La palabra aristocracia proviene del griego aristoi (los mejores) y de krátos (fuerza, poder, gobierno). Es decir, el gobierno de los mejores. Aristóteles (aristos = mejor y teleos = fin; el que busca el mejor fin) creía que la aristocracia era una de las tres formas de gobierno puras junto con la monarquía y la democracia. Para su maestro Platón, suponía la mejor forma de dirigir los designios del pueblo; una élite intelectual formada por los filósofos más sabios garantes del conocimiento.
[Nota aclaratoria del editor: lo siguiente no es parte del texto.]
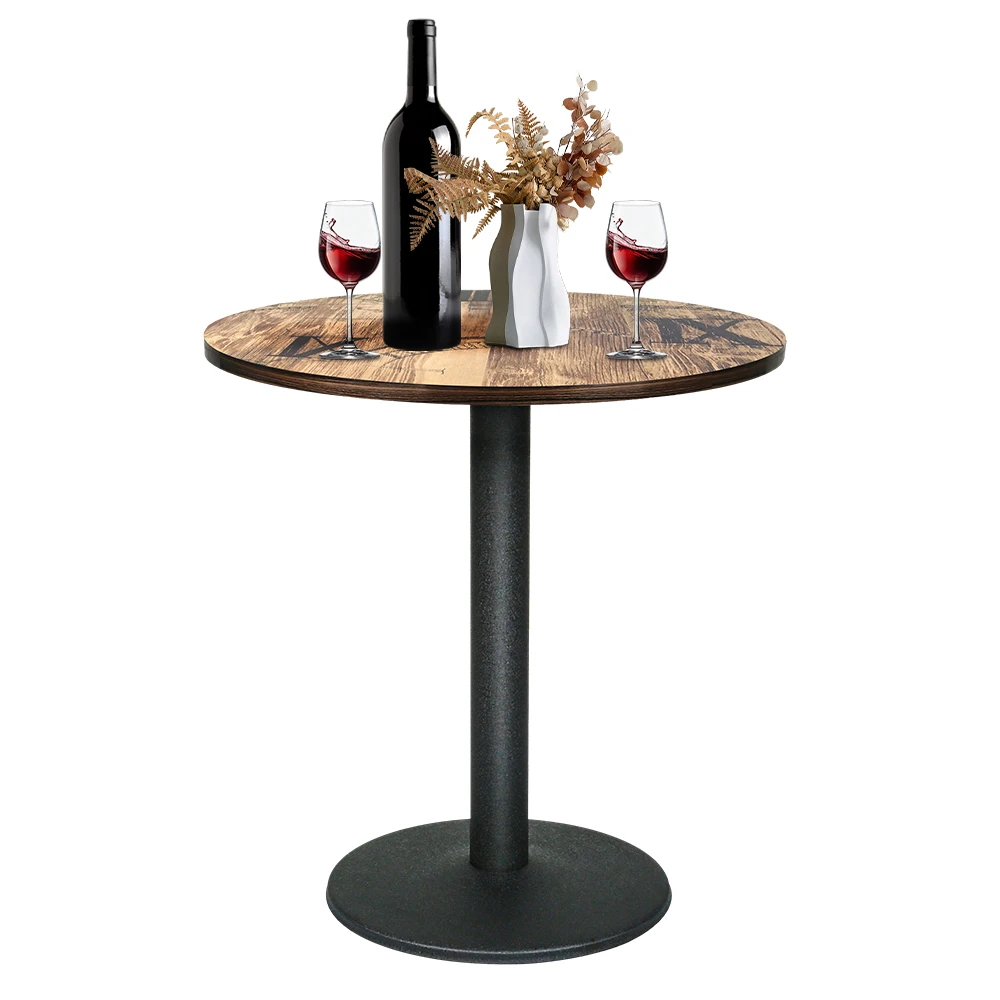 Tavolo da bistrot rotondo, tavolo da bar H 72 cm, bancone bar, tavolo alto, bancone, tavolo da pranzo, tavolo da cucina, tavolo da festa, 60/70 cm
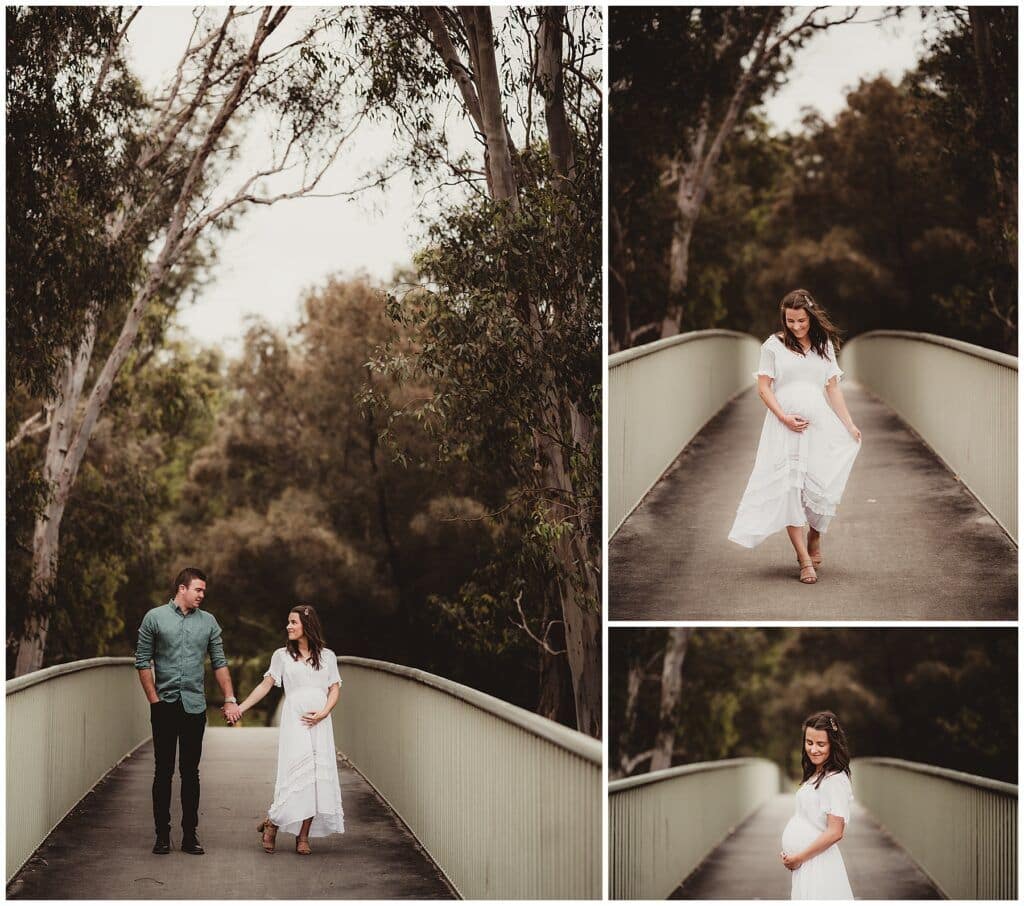 Australia Maternity Photography Couple on Path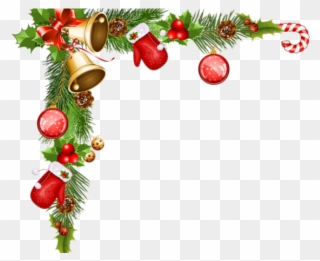 Christmas Ornaments Clipart Picture Frame - Transparent Christmas Border Clipart - Png Download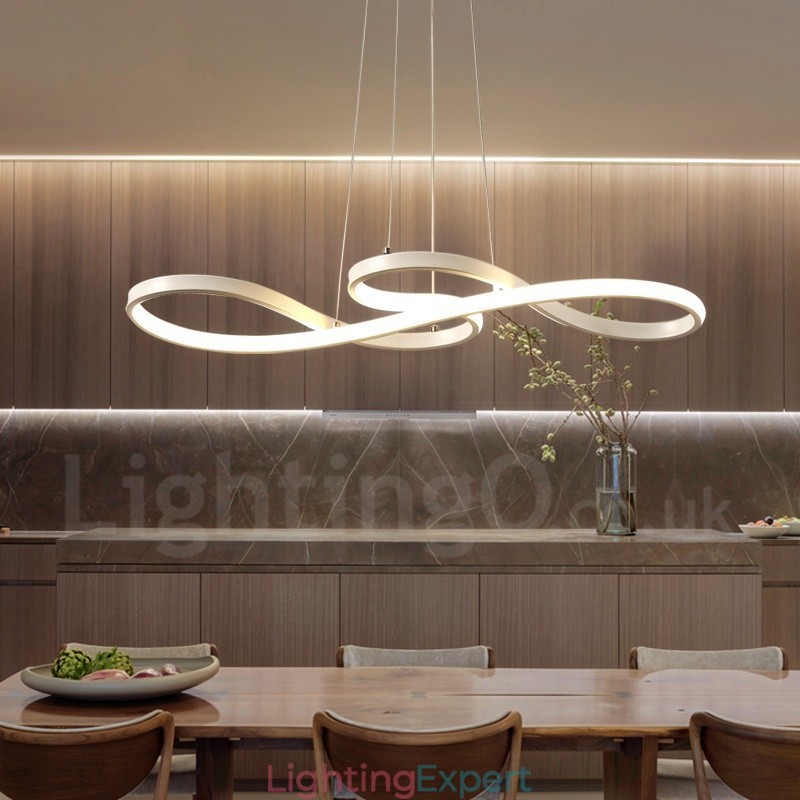 Modern Contemporary Light Aluminum Alloy Pendant Light with Acrylic Shade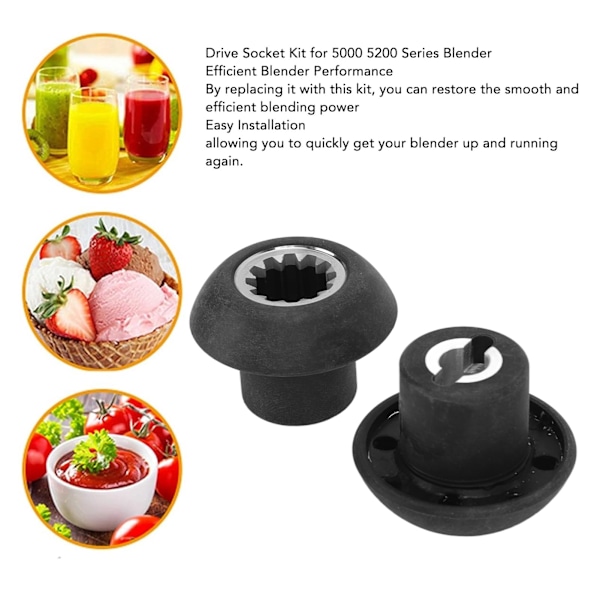 2 st ersättningsdelar Blender Drive Socket Kit för Vitamix 5000 5200 Series Blender Tillbehör Drive Socket Kit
Aristóteles pronto se dio cuenta que la aristocracia podría sufrir alteraciones y deformarse en otra forma de gobierno impura en la que unos pocos acopiarían el poder: la oligarquía. El conocimiento y la sabiduría de los filósofos dejaba paso al poder adquisitivo de esta nueva minoría.
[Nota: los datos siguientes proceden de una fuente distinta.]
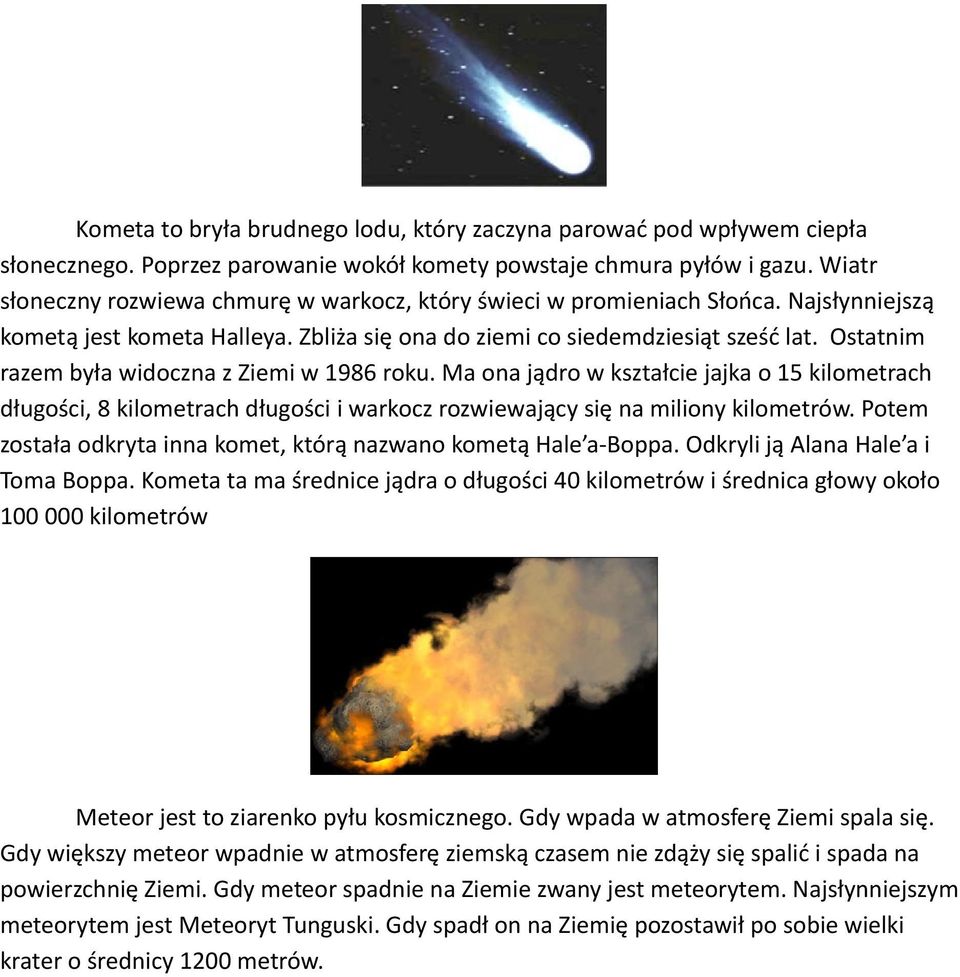 Ostatnim razem była widoczna z Ziemi w 1986 roku. Ma ona jądro w kształcie jajka o 15 kilometrach długości, 8 kilometrach długości i warkocz rozwiewający się na miliony kilometrów.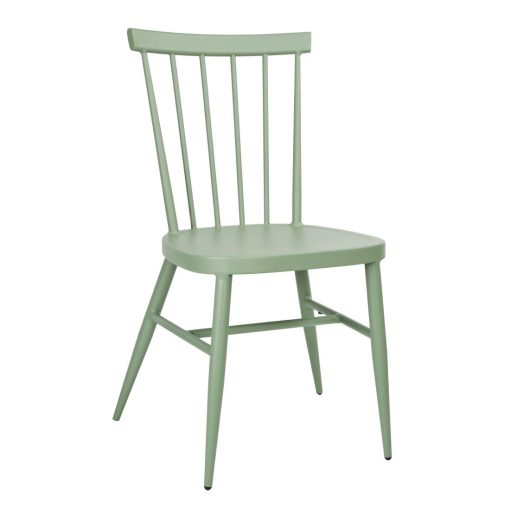 Bolero Windsor Aluminium Green Chairs Pack of 4 (DX687)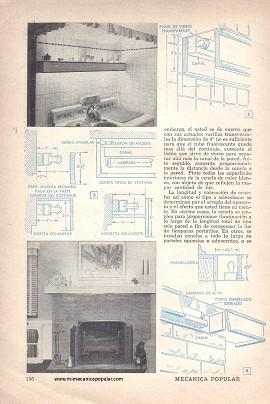 Mejore la iluminación de su hogar - Noviembre 1952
El gobierno de los mejores y la ansiada meritocracia es una utopía a la que el hombre occidental ha recurrido para enjugarse las lágrimas contemplando los viles gobiernos que ha padecido. Por alguna extraña razón, los virtuosos raras veces llegan a detentar poder y casi siempre se ven arrollados por una clase de hombres muy diferentes a ellos. No se diría que son hombres de gran capacidad intelectual, sino que son listos, sagaces, vivos. Mientras que el sabio reflexiona o filosofa, el hombre sagaz actúa y actúa rápido. Se sabe secundado por un capital que le permite adoptar medidas eficaces en su beneficio. Siempre se ha dicho que el dinero atrae el dinero. Las ideas ilustradas, el conocimiento o la erudición no son rivales que puedan someter al dinero. De hecho, la oligarquía ve en la cultura un peligro para sus intereses. Sospecho que por eso los gobiernos han estado cuarenta años demorando una reforma educativa seria al estilo nórdico y han decidido marginar al Ministerio de Educación con presupuestos residuales.
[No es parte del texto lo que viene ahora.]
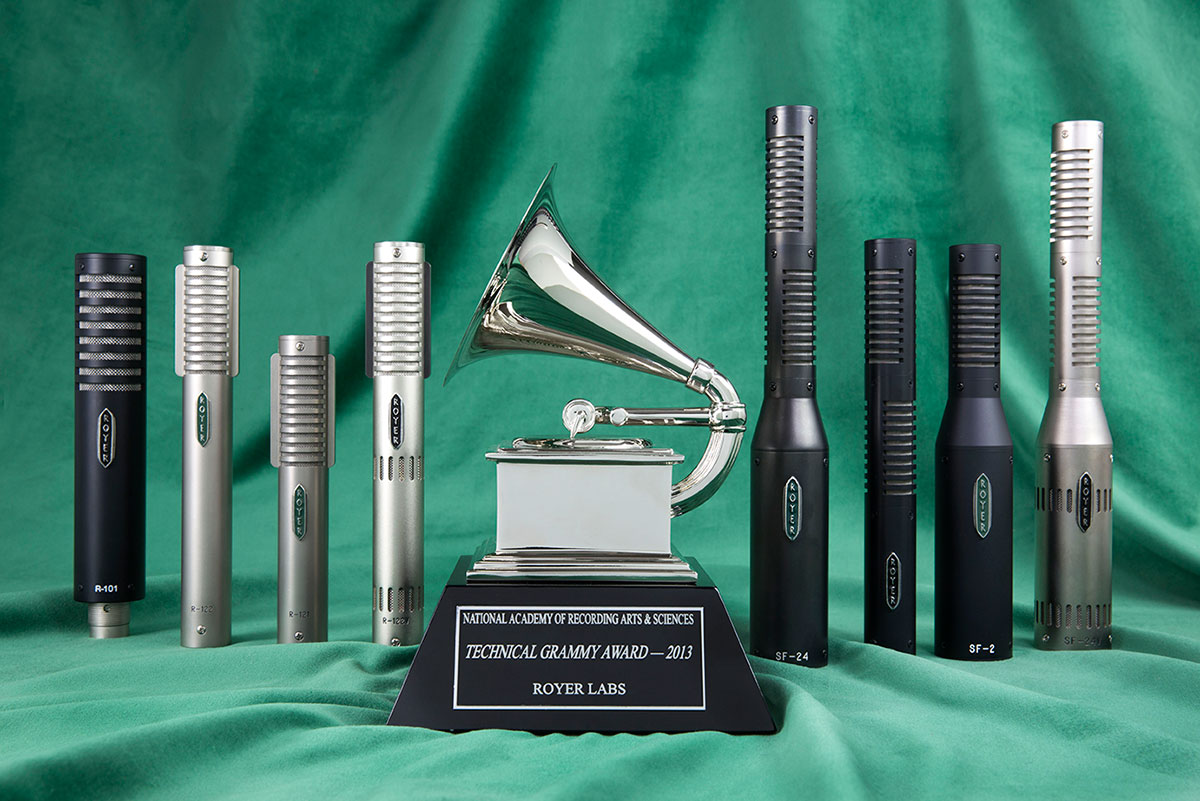 The Technical Grammy Award with Royer ribbon microphones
Un pueblo inculto es un pueblo sometido; una masa de gente acrítica que vive en el oscurantismo cultural y escucha cómo desde el púlpito el párroco interpreta las sagradas escrituras. En el Concilio de Trento, España eligió al dios equivocado. Decidimos quedarnos con el Dios oscuro y reaccionario y darle la espalda a Martín Lutero y a su reforma. Los pueblos que eligieron al dios luterano se alfabetizaron para poder leer la Biblia, mientras que los pueblos católicos prefirieron que fuera el cura de turno el que leyera e intepretara los Evangelios. Ésa era la ocasión de cambiar nuestra Historia y huir de la oscuridad, del analfabetismo y de la religión del crucifijo y el cerrojo. Eso nos hizo viles, traicioneros, cainitas y temerosos. El pobre ignorante señalaba con el dedo al vecino, se amedrentaba ante la denuncia y la envidia campaba a sus anchas por su moral podrida. La Inquisición, el mazo de Cristo, creó un pueblo de miradas cabizbajas y de susurros y silencios. Nuestro pecado y nuestra penitencia.